Al cabo de varios litigios, en 2020 amplió esas restricciones de visa a seis países más (Eritrea, Kirguistán, Myanmar, Nigeria, Sudán y Tanzania), citando preocupaciones de “seguridad nacional”.
Poco después, en 2018, durante una reunión en la Casa Blanca para analizar el tema inmigratorio, se quejó de “tener a toda esta gente de esos países de mierda viniendo aquí” y lo ejemplificó con Haití, El Salvador y África, dándole tratamiento de país a todo un continente. Y añadió: “deberíamos tener más gente de Noruega”.
Más recientemente, en el marco de su campaña electoral 2024, acusó a los inmigrantes de “envenenar la sangre de nuestro país”, formulación que no podía sino concitar comparaciones con el concepto de “contaminación de la sangre” manejado en su momento por el nazismo alemán, y en particular por Adolfo Hitler en Mein Kampf.
Como corolario, ha prometido lanzar una deportación sin precedentes si es elegido. “Una de mis primeras acciones al asumir el cargo será detener la invasión de nuestro país”, dijo en un mitin.
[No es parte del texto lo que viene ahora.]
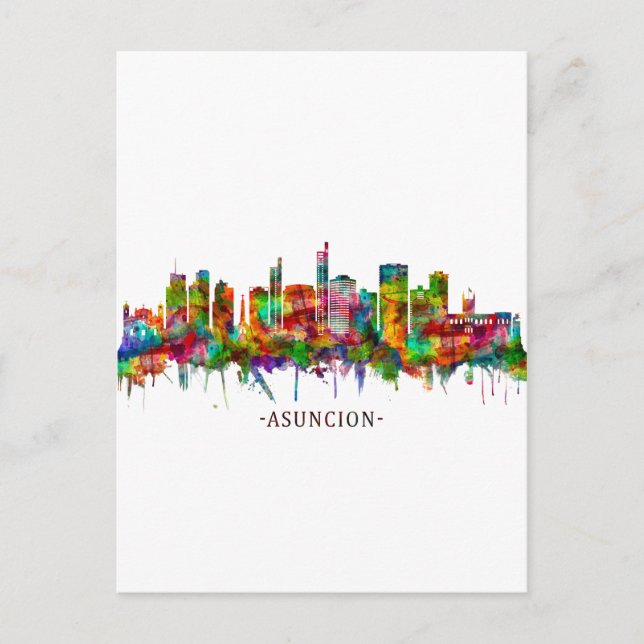 Asuncion Paraguay Skyline Einladungspostkarte (Vorderseite)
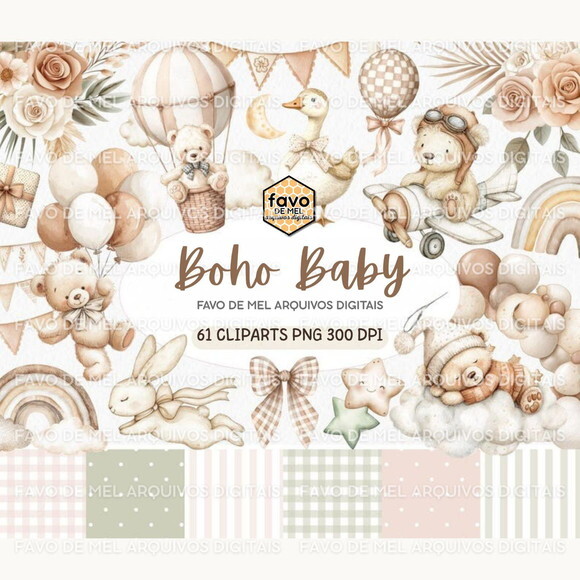 Kit Digital Chá de Bebê Boho Neutro Aquarela Png #3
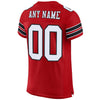 Maxcorners Custom Red White-Black Mesh Authentic Classic Football Jersey LM2605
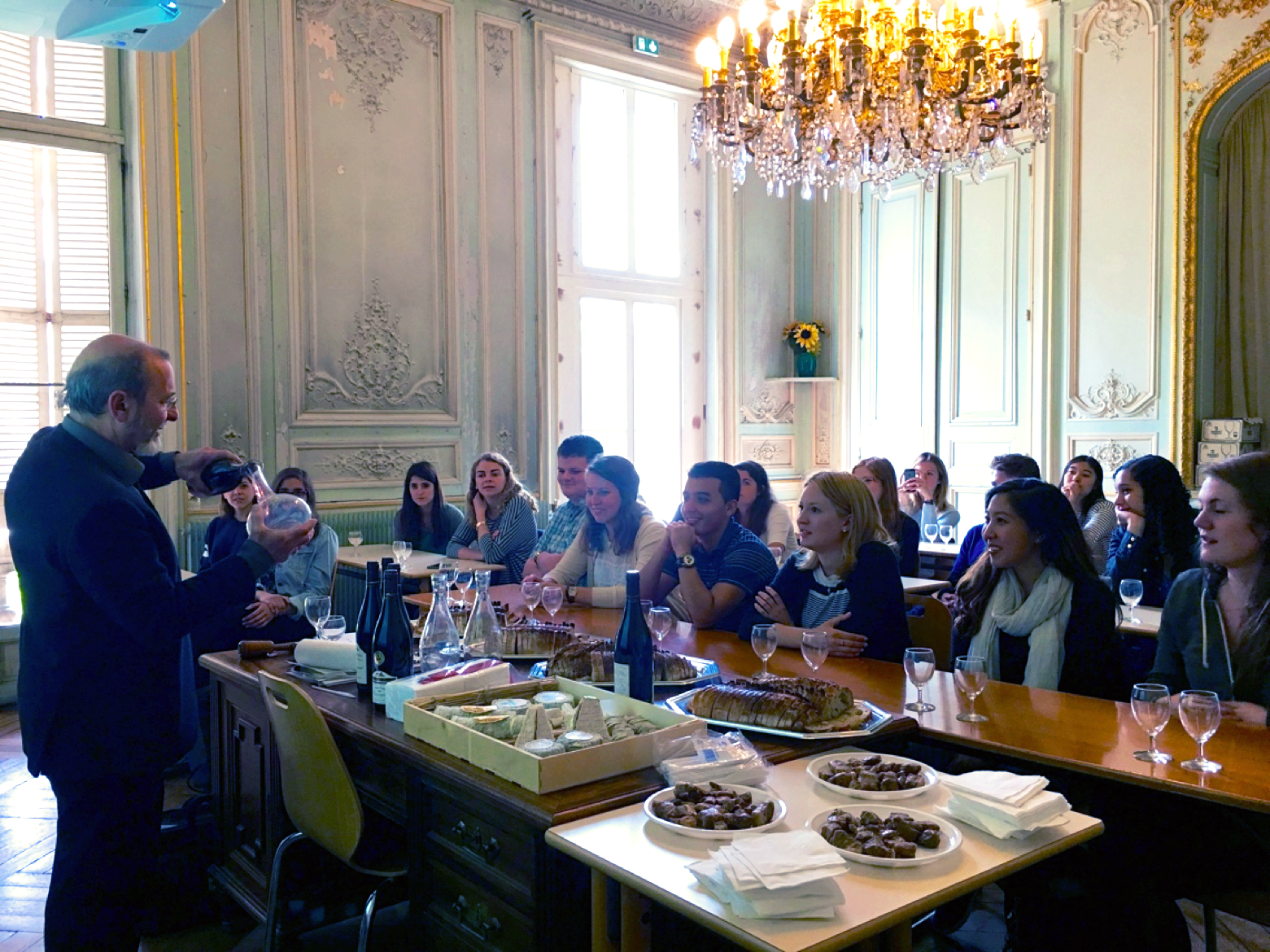 Students at a wine tasting lecture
Lo más peligroso es que ha estado incorporando a su retórica un componente deshumanizador al asegurar que algunos de los acusados de crímenes “no son personas”. “No sé si se les llama gente”, dijo en hace apenas unos días en Dayton, Ohio. “En mi opinión, en algunos casos no son personas. Pero no se me permite decirlo porque la izquierda radical dice que es algo terrible”.
No es cuestión de izquierda radical sino de políticos responsables o irresponsables. Lo que está haciendo Donald Trump es justamente deshumanizar al otro, un nuevo caldo de cultivo para acciones de violencia de los integrantes de su culto.
En su momento la ideología esclavista necesitó deshumanizar a los africanos y considerarlos “piezas de ébano”, no personas, a fin de poder tener la conciencia tranquila a la hora de meterlos en un cepo, colgarlos de un árbol o violar a sus mujeres. Los nazis hicieron algo parecido para exterminar a millones de judíos en campos y crematorios.
Las palabras no caen en el vacío. Eso es lo que anda pregonando por estos días un candidato presidencial republicano con cuatro juicios y 91 cargos criminales encima. “Espanta la tarea de echar a los hombres sobre los hombres. Indigna el forzoso abestiamiento de unos hombres en provecho de otros”, escribió una vez desde Nueva York el cubano José Martí.